Odor built the barn from native bur oak harvested on his own property. The circular shape was selected based on the then-popular theory that round barns would resist tornado damage better than rectangular structures — the wind, it was thought, would flow around a curved wall rather than catching against a flat one. That turned out to be largely false (round barns are no more tornado-resistant than well-built rectangular ones, and many round barns across the Midwest have been destroyed by tornadoes despite their shape), but the theory was widely believed in the 1890s and led to a brief round-barn construction boom across the central United States. The Odor barn is one of the survivors of that boom.

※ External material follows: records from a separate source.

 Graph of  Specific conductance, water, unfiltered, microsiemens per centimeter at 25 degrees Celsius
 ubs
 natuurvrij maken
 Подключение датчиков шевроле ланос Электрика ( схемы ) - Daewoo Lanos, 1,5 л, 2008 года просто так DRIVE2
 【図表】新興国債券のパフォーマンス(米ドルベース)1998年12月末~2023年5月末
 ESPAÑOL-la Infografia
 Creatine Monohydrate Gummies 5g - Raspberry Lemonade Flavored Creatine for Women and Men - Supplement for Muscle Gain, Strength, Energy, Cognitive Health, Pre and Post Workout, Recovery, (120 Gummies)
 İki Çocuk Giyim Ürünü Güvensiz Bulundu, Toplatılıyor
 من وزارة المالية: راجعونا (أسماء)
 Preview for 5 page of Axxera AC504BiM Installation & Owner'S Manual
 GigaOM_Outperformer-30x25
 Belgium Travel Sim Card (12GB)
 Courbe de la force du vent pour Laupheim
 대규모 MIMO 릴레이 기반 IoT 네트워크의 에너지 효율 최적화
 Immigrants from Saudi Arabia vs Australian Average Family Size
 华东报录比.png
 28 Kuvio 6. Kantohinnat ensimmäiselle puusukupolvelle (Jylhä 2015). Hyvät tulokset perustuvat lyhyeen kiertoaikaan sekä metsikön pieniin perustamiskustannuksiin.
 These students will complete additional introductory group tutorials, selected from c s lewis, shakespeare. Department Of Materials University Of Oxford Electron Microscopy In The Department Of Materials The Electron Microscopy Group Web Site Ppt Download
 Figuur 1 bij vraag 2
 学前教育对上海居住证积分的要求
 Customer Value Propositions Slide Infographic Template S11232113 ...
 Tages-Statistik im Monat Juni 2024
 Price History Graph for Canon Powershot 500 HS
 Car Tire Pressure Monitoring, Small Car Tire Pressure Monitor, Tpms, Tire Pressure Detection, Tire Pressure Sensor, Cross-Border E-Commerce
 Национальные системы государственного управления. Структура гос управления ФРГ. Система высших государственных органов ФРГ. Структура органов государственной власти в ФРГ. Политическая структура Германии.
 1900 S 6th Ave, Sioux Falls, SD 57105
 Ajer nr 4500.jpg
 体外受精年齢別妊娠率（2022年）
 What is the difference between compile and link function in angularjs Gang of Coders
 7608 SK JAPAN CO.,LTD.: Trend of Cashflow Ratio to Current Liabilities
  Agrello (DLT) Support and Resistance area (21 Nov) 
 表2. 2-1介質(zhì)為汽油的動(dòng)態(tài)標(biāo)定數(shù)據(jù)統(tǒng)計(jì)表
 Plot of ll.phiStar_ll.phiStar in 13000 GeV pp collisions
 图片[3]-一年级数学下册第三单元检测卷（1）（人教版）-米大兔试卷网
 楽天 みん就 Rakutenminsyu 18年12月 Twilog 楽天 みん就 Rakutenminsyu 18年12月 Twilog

By the 1980s, after nearly 90 years of weathering and minimal maintenance, the Round Barn was in serious disrepair. The roof was failing, the foundation had shifted, and several sections of bur-oak siding had rotted. Retired engineer Luther Robison led a community restoration effort that began in 1988 and involved more than 200 volunteers across roughly four years of weekend work. The volunteers stabilized the foundation, replaced the failing roof, repaired the bur-oak siding using period-appropriate techniques, and converted the upper floor into a gift shop and the ground floor into an exhibit space. The restored barn reopened to the public in the early 1990s and has operated continuously since.

William Harrison Odor and the 1898 construction

William Harrison Odor was an Arcadia-area farmer who arrived in what was then Indian Territory in the early 1890s and established a working farm on the land surrounding what is now Shire Avenue. Odor was a competent amateur builder and constructed several of his own farm structures, including the eventual Round Barn. Construction of the barn began in 1898 with Odor harvesting native bur oak from his own property and milling the timber on-site for the barn's structural members.

The round shape was deliberate and driven by Odor's interest in then-current agricultural theory. Late 19th-century farming literature had begun promoting round and polygonal barn designs as superior to traditional rectangular barns on multiple counts — better wind resistance, more efficient interior layout, easier herding of livestock around a central feed area, and more uniform light distribution through high windows. The tornado-resistance argument was particularly persuasive in Oklahoma where tornadoes were a regular threat, and Odor decided to test the theory with his own construction.

The barn measures 60 feet in diameter and 43 feet to the peak — substantial for a single-family farm of the era. The interior is organized across three levels: a ground floor for livestock and equipment, a middle hayloft level, and an upper loft that originally stored seed and tools. The bur-oak timber framing is exposed throughout the interior and is the most architecturally striking feature for visitors today — the curved roof framing in particular is genuinely impressive and is the most-photographed interior element. The acoustic properties of the curved interior are also remarkable; sound carries oddly inside the barn in ways that surprise first-time visitors.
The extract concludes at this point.